• ASSIGNMENT
Starting with the line that holds "Pick Your Fav" and stopping after the line that holds "The Flower Field", repeat the lines below word for word, without the pictures.

• DATA FOR THIS EXERCISE
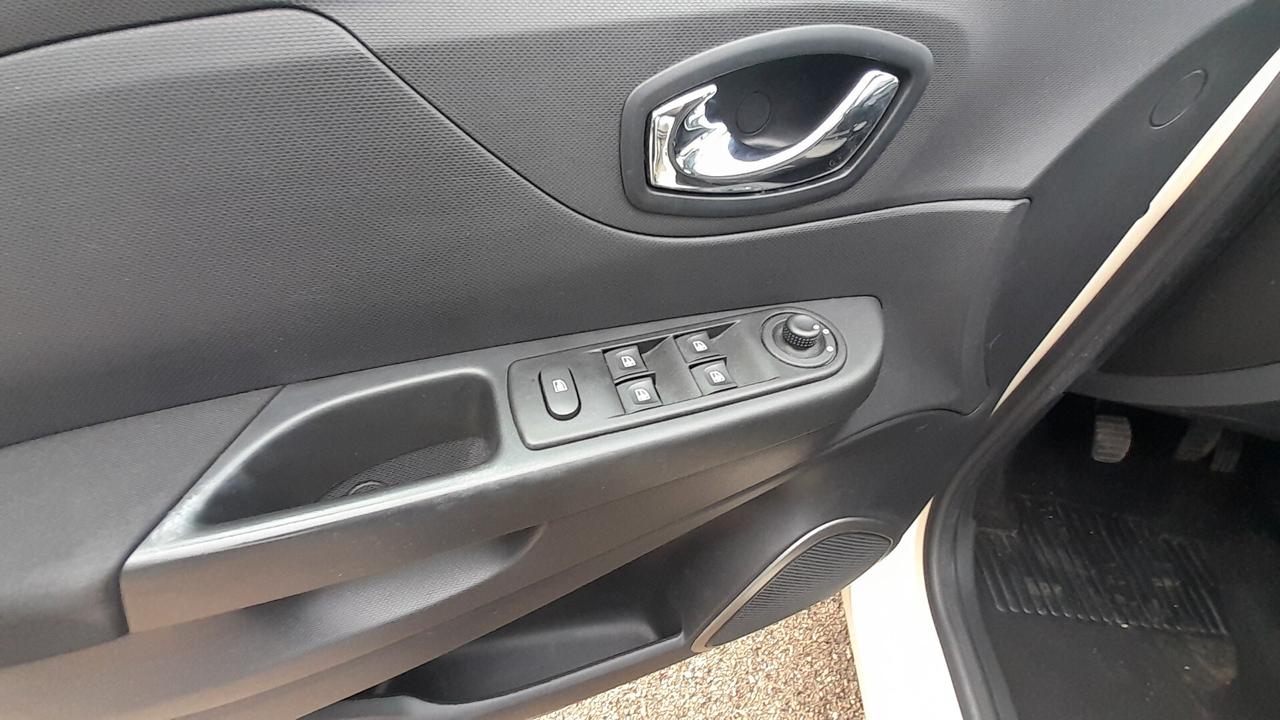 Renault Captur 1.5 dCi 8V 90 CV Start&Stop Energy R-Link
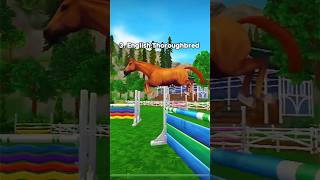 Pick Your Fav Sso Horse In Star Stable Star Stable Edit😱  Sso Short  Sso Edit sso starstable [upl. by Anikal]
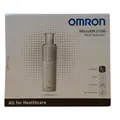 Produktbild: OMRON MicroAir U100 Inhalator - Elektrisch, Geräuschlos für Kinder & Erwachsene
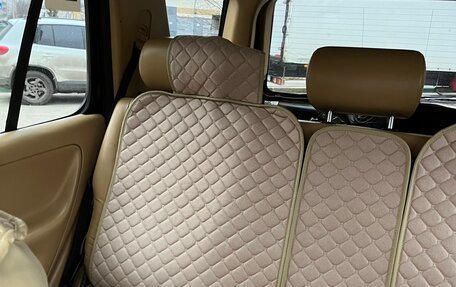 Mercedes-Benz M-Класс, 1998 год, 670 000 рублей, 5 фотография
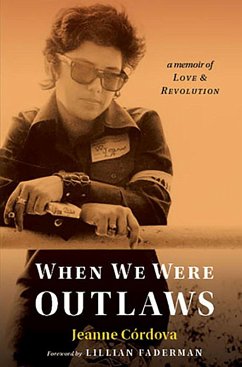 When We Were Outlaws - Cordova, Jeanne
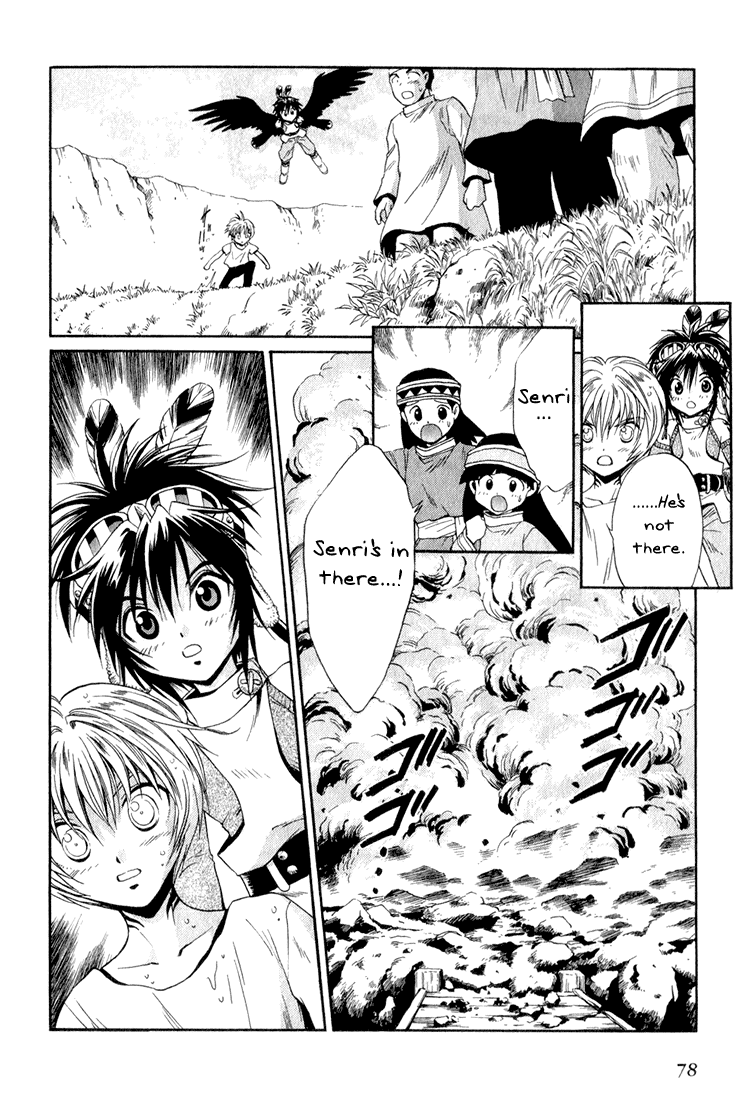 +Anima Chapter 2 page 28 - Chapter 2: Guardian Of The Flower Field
==
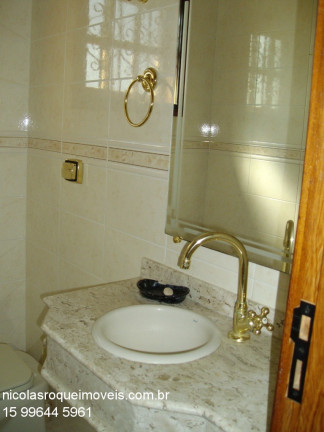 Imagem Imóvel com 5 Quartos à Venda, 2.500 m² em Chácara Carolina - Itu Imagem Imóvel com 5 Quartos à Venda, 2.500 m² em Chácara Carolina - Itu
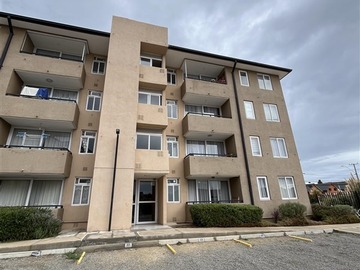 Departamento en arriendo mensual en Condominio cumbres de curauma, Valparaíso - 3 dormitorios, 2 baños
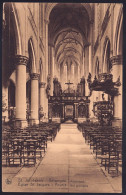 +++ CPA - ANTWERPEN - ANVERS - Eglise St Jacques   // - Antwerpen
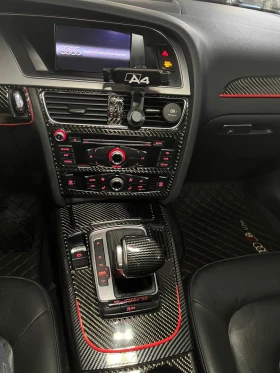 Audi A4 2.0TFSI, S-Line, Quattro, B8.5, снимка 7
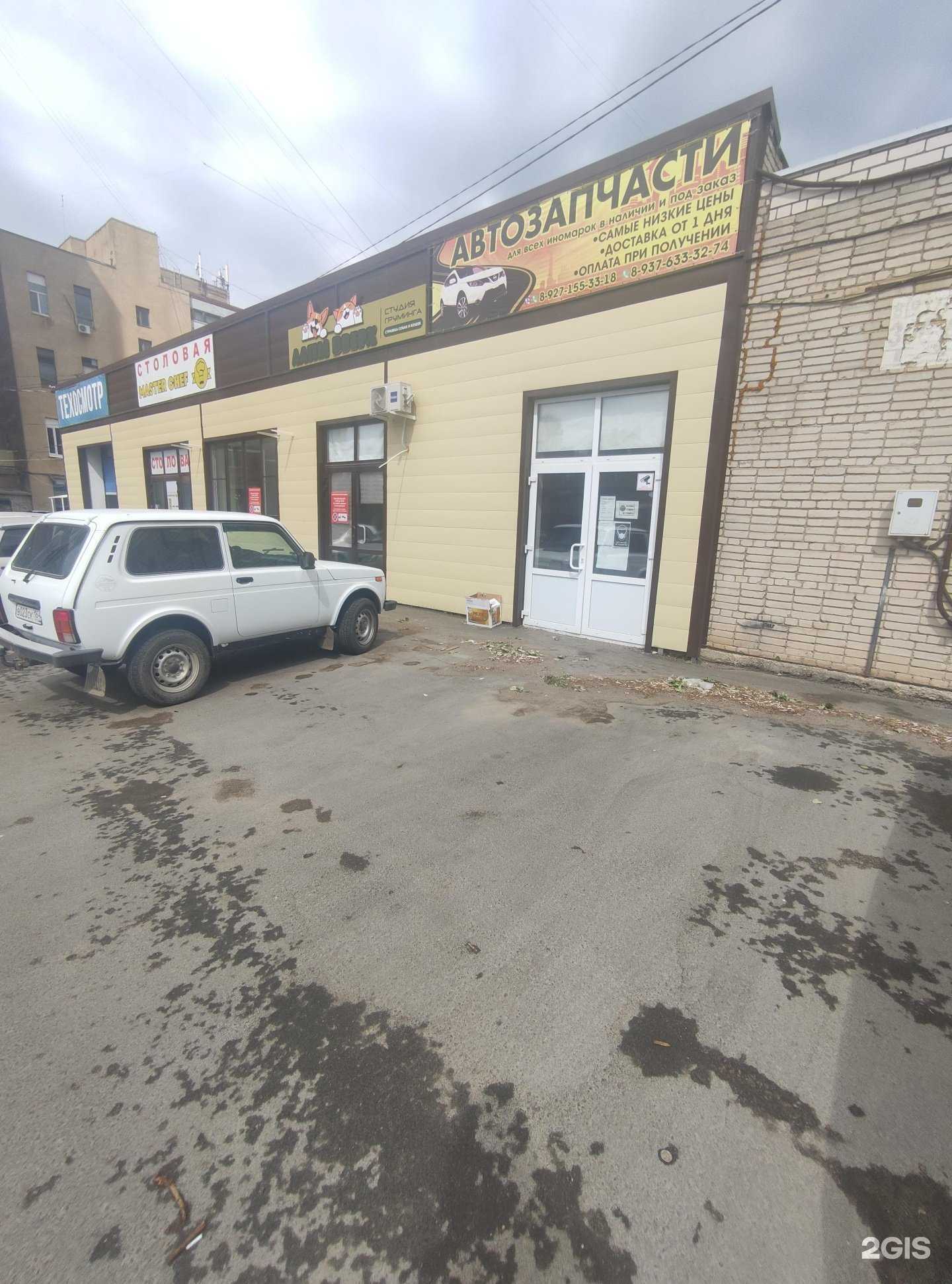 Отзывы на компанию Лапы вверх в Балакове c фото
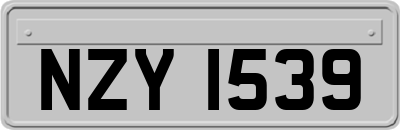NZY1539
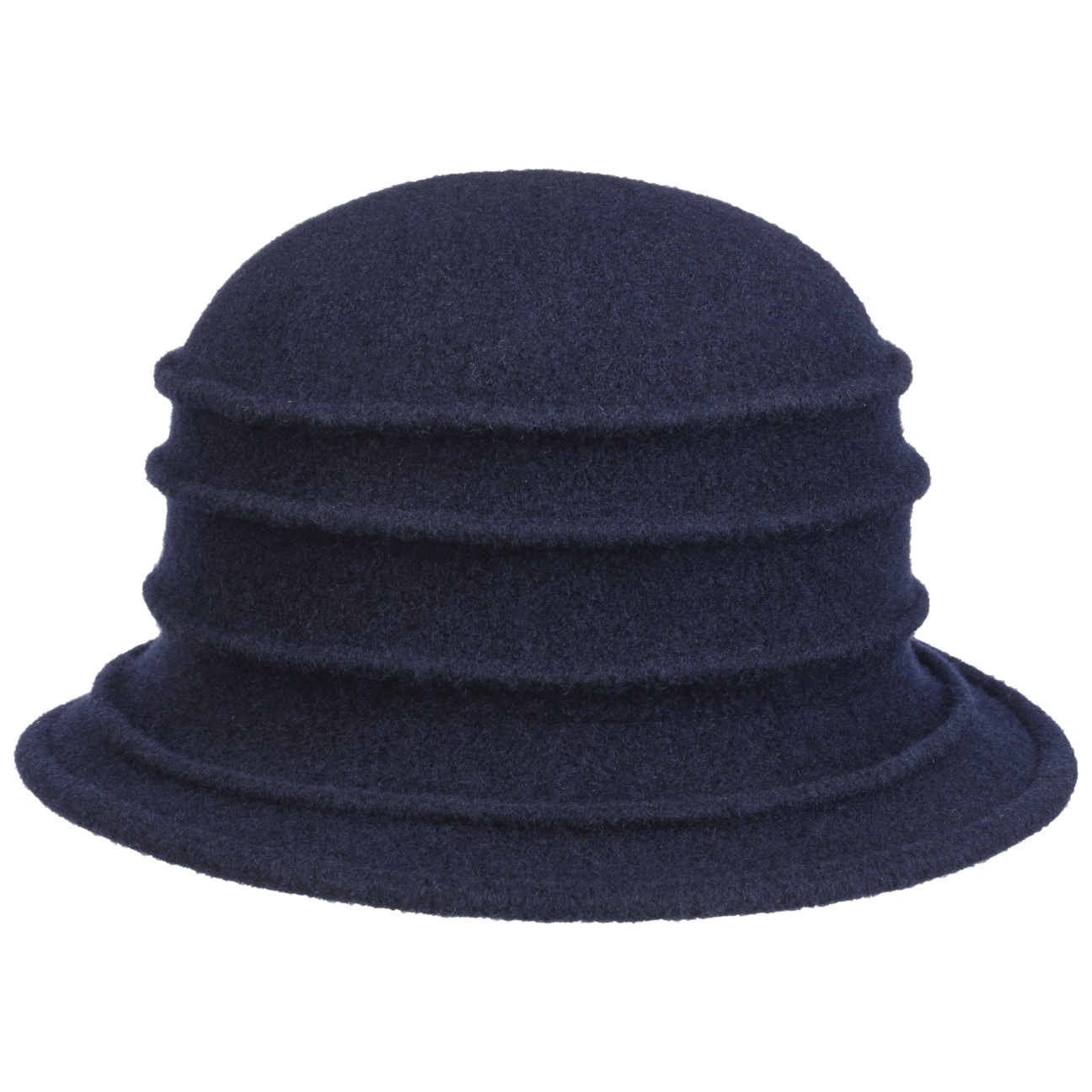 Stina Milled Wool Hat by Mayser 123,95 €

• TASK RESPONSE
 Pick Your Fav Sso Horse In Star Stable Star Stable Edit😱  Sso Short  Sso Edit sso starstable [upl. by Anikal]
 Produktbild: OMRON MicroAir U100 Inhalator - Elektrisch, Geräuschlos für Kinder & Erwachsene
 Mercedes-Benz M-Класс, 1998 год, 670 000 рублей, 5 фотография
 When We Were Outlaws - Cordova, Jeanne
 +Anima Chapter 2 page 28 - Chapter 2: Guardian Of The Flower Field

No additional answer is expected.